The stain of colorism

Dear Editor,

It is so sad that a black woman at a PLP (Progressive Liberal Party) rally referred to “darkies”, meaning skin color, but the strong implications were demeaning of us black people, the majority of whom are sufficiently melanized or are dark-skinned.

It is ironic that this “hater of self” comment emanated from the podium of a rally by a party that has struggled and fought for equality of our people, particularly us darkies who often experienced cruel prejudice from our own black people.

We tend to gravitate to those light-skinned blacks, and it can be seen that Bahamian men, who are amply melanized, rarely marry dark-skinned women.

Whilst this can be seen throughout our society, it appears to be more noticeable amongst the PLP male politicians and its political wannabe counterparts, although it permeates throughout society by our sufficiently melanized black Bahamian men.

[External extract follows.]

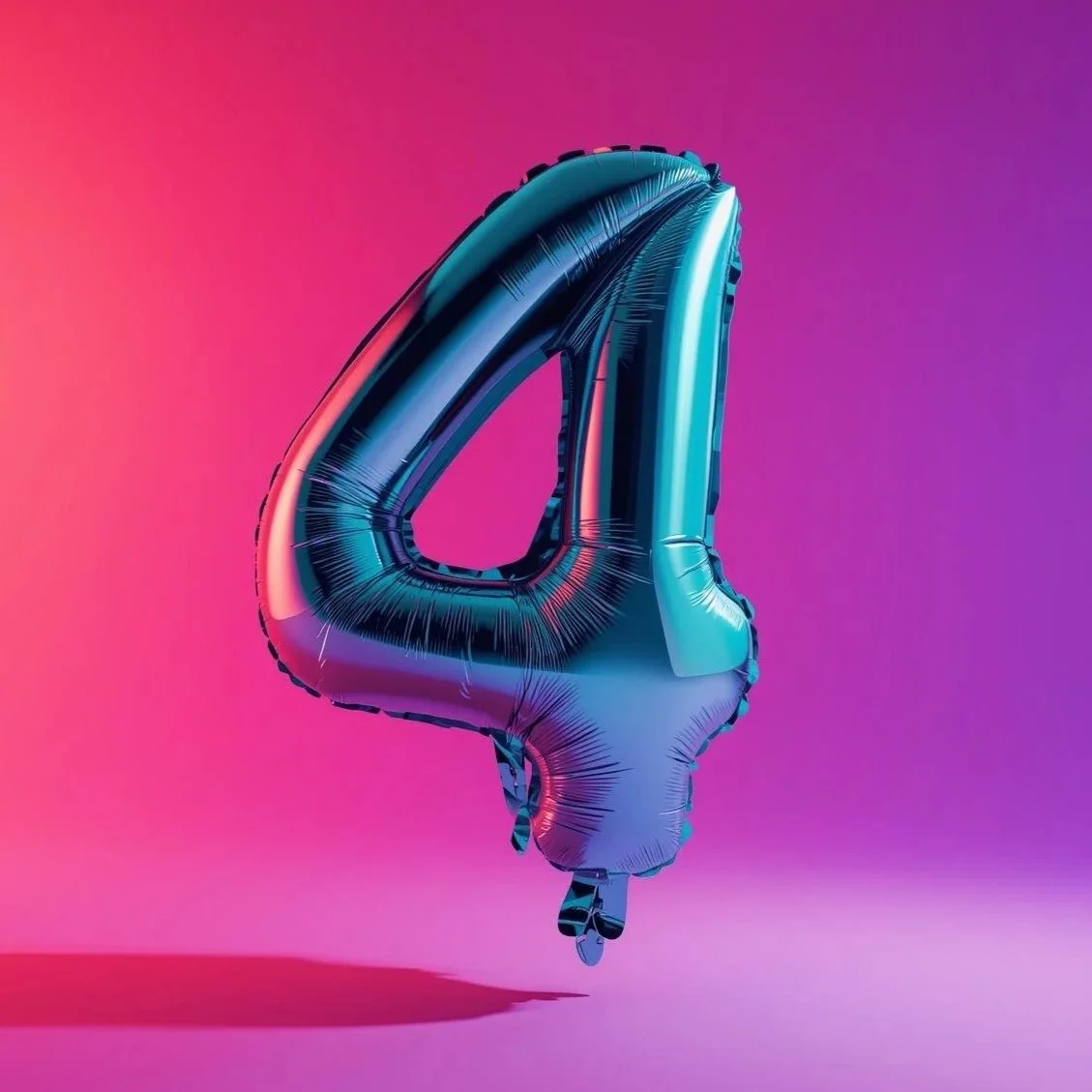 number+4+balloon+in+teal+on+a+bright+pink+and+purple+gradient+background.jpg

Because of this, women in our communities spend thousands of dollars purchasing many unhealthy products to lighten up their skin color.

Incidentally, what we as black people fail to appreciate, is that God has bestowed such a wonderful gift of giving us so many different shades of color – light-skinned, bright, dark-skinned, midnight, brown and even including being referred to in some instances as “beige”.

Unfortunately, our white counterparts are not as blessed as they are simply white, and the only times their color seems to change, is when they are, sadly, “deathly” sick and in that instance their skin color turns blue. White people’s skin color also changes when they have sun-tanned.

On this note, there is always the butt of jokes that if there were a nuclear explosion the dark-skinned blacks or “darkies” would survive longer than their light-skinned counterparts or whites, as the melanin in their skin would be beneficial to their living longer.

Whilst it may be a blessing that we as black people have a variety of skin colors, as referred to earlier, we still render malicious prejudice against those who are dark-skinned.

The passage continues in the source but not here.